• _What you will do_: Repeat the lines below exactly as they appear, but leave out the images.

"""

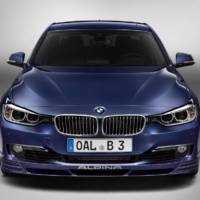 Alpina B3 Biturbo unveiled in Geneva Motor Show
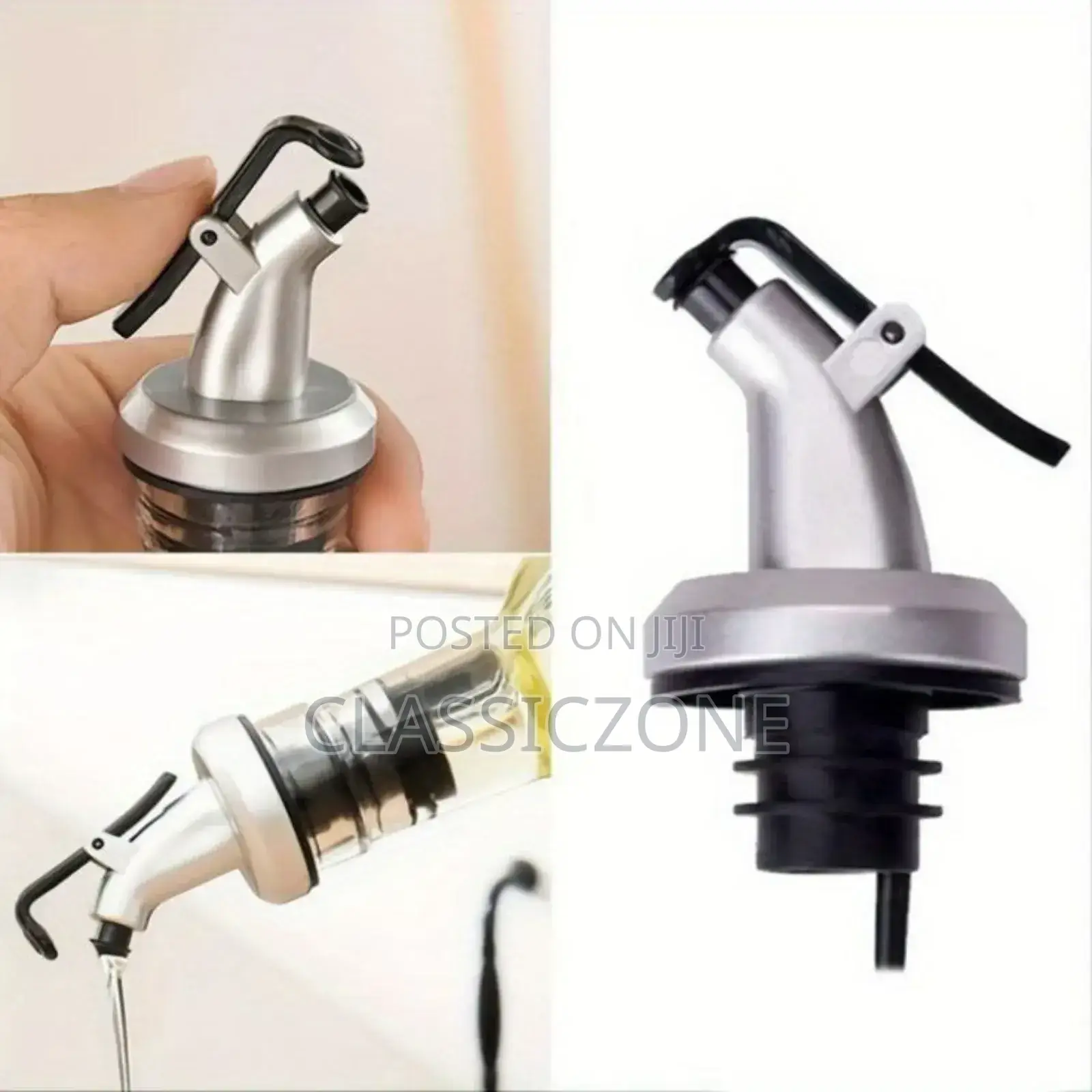 3pcs Bottle Stopper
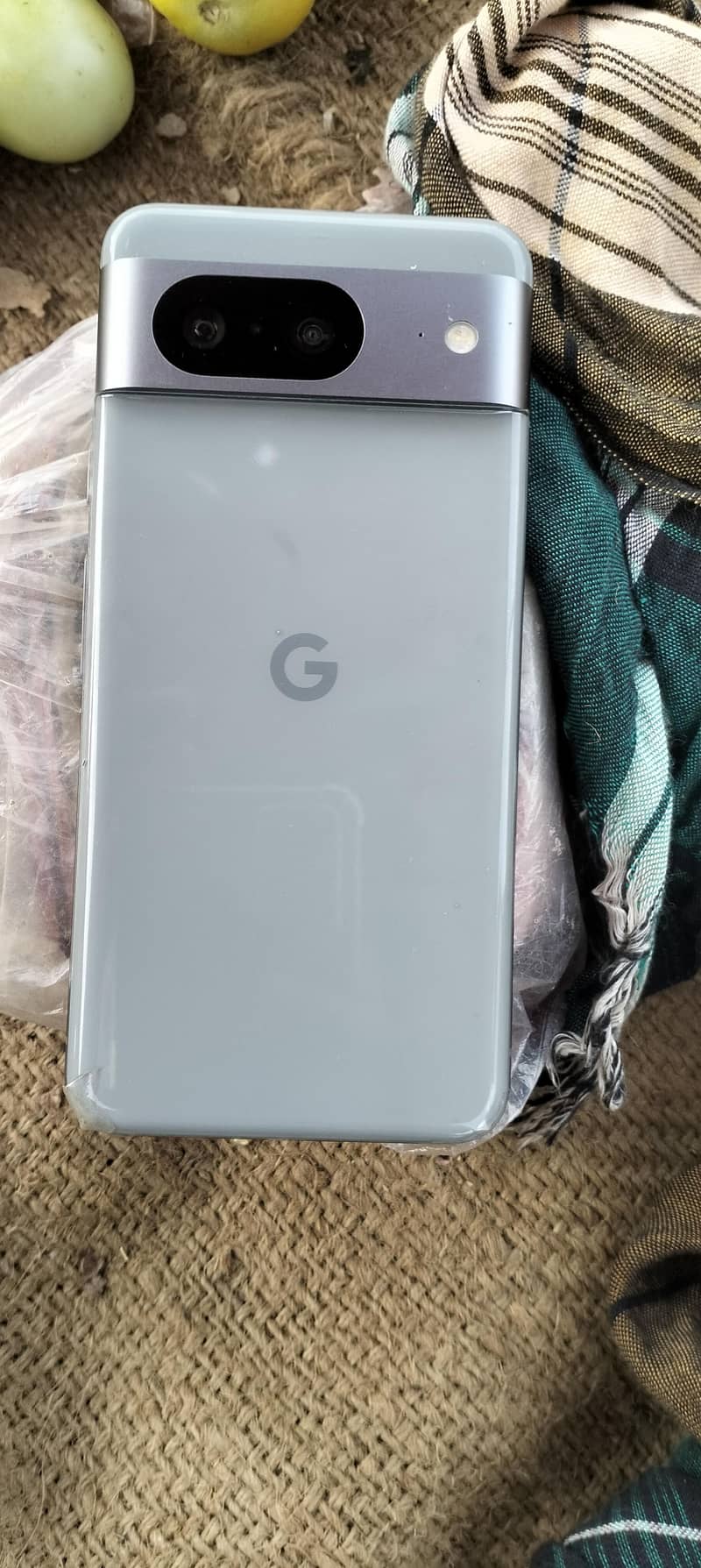 Google Pixel 8 1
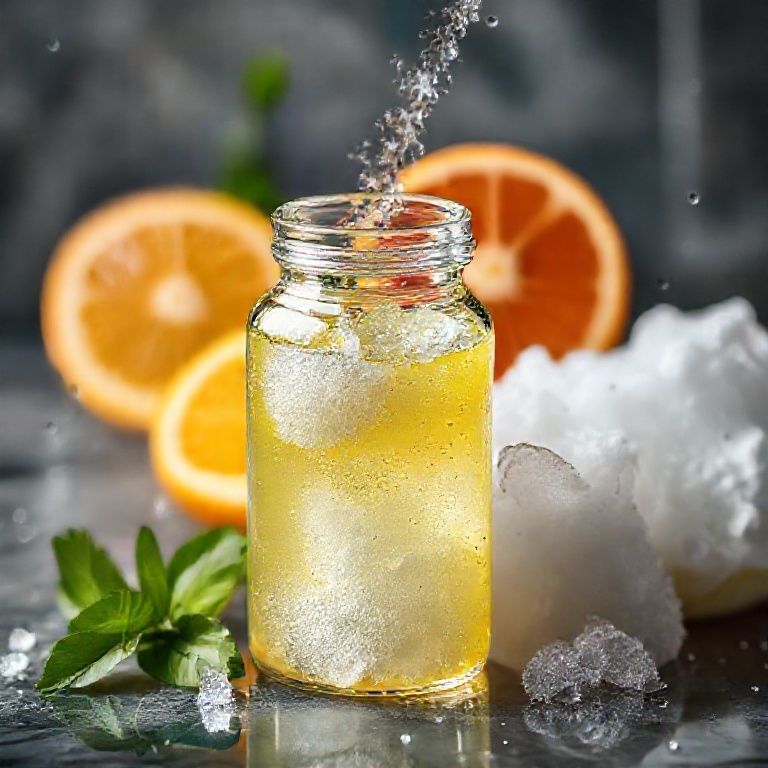 ✨ 네 번째 섹션: 구연산 & 과탄산소다, 강력하지만 안전하게!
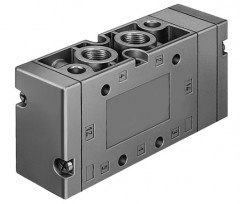VL-5-3/8-B-EX Distributeur pneumatique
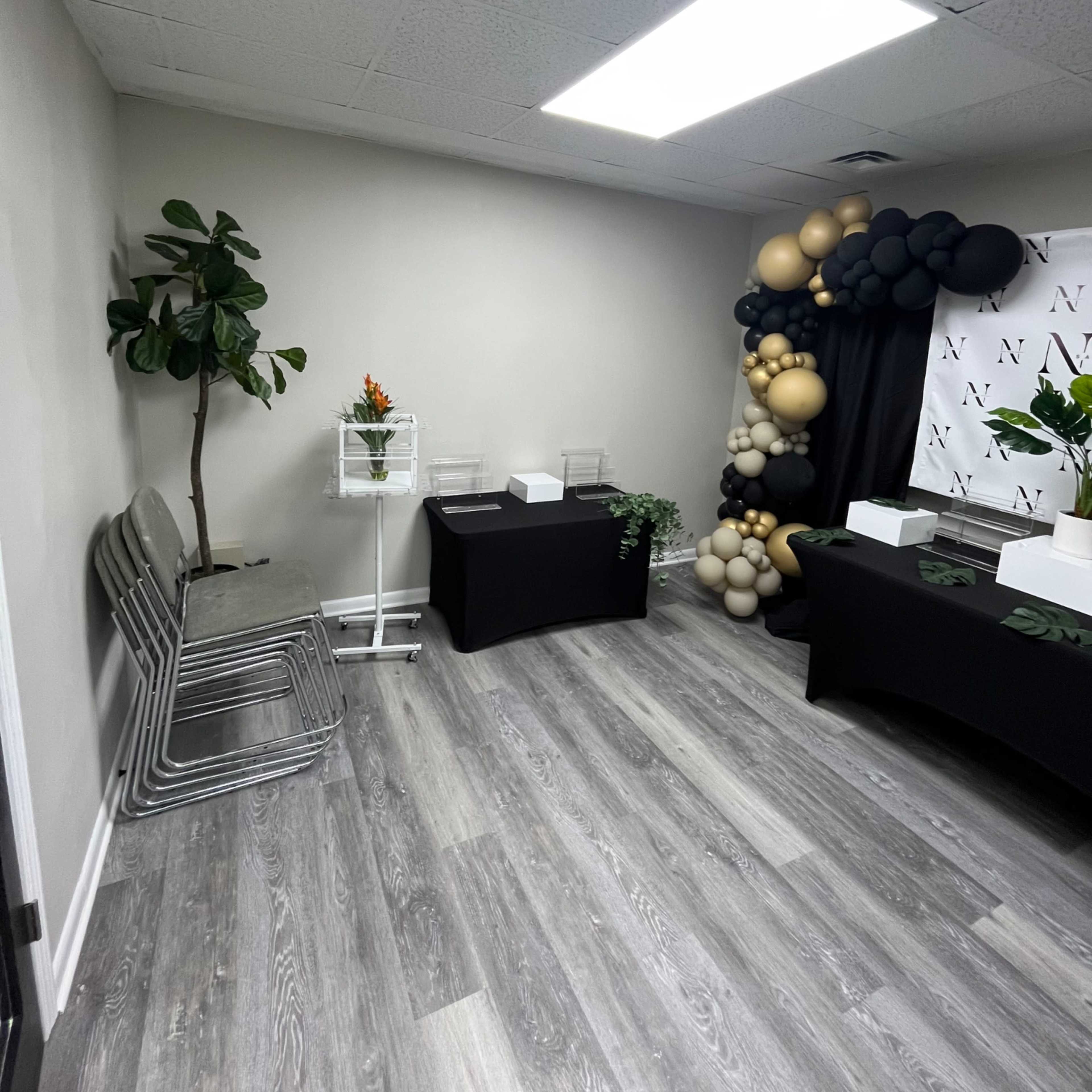 Elegant Event Suite W/ Free Parking & Secured Access. Image in , Norcross, GA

"""

• _Finished task_:
 Alpina B3 Biturbo unveiled in Geneva Motor Show
 3pcs Bottle Stopper
 Google Pixel 8 1
 ✨ 네 번째 섹션: 구연산 & 과탄산소다, 강력하지만 안전하게!
VL-5-3/8-B-EX Distributeur pneumatique
 Elegant Event Suite W/ Free Parking & Secured Access. Image in , Norcross, GA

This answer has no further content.